Embora a equiparação passe a englobar mais do que somente o salário, estendendo-se ao que se compreende por remuneração, o projeto ressalva bonificações por desempenho. Ou seja, está prevista a equiparação das remunerações somadas, mas ficam de fora dessa conta os prêmios, gorjetas ou bônus recebidos pontualmente pelo trabalhador ou pela trabalhadora em decorrência de um bom desempenho profissional.

Transparência

A advogada também chama a atenção para os métodos de comprovação da discriminação, que são aprimorados pela nova legislação. “Alguém poderia dizer que a constituição e a CLT já vedam esse tipo de prática discriminatória. No entanto, esse projeto de lei cria algumas facilidades: por exemplo, a prova. Porque a prova da discriminação na justiça do trabalho é difícil de fazer, para demonstrar que a diferença salarial seja decorrente de discriminação de gênero”, declara Susan Zilli.

O principal mecanismo previsto trata da publicação semestral de um relatório de transparência salarial, que deverá ser apresentado por empresas que tenham 100 ou mais empregados. O documento prevê que a publicação das informações permita a comparação entre salários e critérios remuneratórios e que também indique a proporção de cargos de direção, gerência e chefia preenchidos por mulheres e homens. 

Cabe ainda regulamentar especificamente os protocolos de fiscalização desse relatório, mas Susan destaca a garantia de uma maior objetividade. “Argumentos como ‘pago mais para determinado grupo de homens na mesma função pois o trabalho de mulheres na mesma função não é de igual valor’ não são aceitáveis no relatório” ressalta.

Multa

Duas possibilidades de multas são descritas pelo projeto. Caso o relatório não seja apresentado, o PL 1085/2023 prevê multa às empresas, com valor equivalente a até 3% da folha de salários e limitado a cem salários mínimos.

Outra sanção é referente ao descumprimento da equiparação remuneratória: se comprovada a desigualdade, a multa ao empregador é equivalente a dez vezes o valor do salário devido. Em caso de reincidência, o valor da multa dobra.

Atualmente, a multa prevista pela CLT equivale a um salário-mínimo regional, que também é elevada ao dobro no caso de reincidência.

Desigualdade

A justificativa do projeto, submetido pelos ministros Luiz Marinho, do Ministério do Trabalho e Emprego, e Aparecida Gonçalves, do Ministério das Mulheres, cita um “processo de reconstrução e transformação do Brasil”, e indica o combate “à opressão sobre as mulheres, bem como a todas as formas de discriminação social que se refletem em desigualdades históricas”.

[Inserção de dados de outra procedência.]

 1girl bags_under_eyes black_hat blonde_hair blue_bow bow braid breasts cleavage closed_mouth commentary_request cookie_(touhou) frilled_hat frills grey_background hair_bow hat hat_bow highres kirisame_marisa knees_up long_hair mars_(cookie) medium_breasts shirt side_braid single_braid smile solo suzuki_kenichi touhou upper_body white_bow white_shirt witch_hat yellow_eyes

Dados do Instituto Brasileiro de Geografia e Estatística (IBGE) de 2022 indicam que uma mulher ganha, em média, 78% dos rendimentos de um homem, no Brasil. No caso de mulheres pretas ou pardas, o percentual cai drasticamente, para menos da metade (46%), quando comparado aos salários de homens brancos.

“Em Santa Catarina, o rendimento médio por hora entre as mulheres é de 14,82 reais e entre os homens é 17,54. Entre mulheres negras e homens negros, ainda é maior a diferença, então existe a questão racial” aponta a economista do Dieese de Santa Catarina, Dra. Cristina Vieceli.

“Nessa luta, o movimento feminista negro contribuiu de forma bastante importante ao demonstrar que, no ambiente de trabalho, as trabalhadores negras tinham seus salários ainda mais rebaixados do que as mulheres brancas. E, ao trazer essa discussão para o movimento de mulheres, fez com que esse debate tivesse maior profundidade e ganhasse maior transparência e pluralidade”, afirma a advogada Susan Zilli. 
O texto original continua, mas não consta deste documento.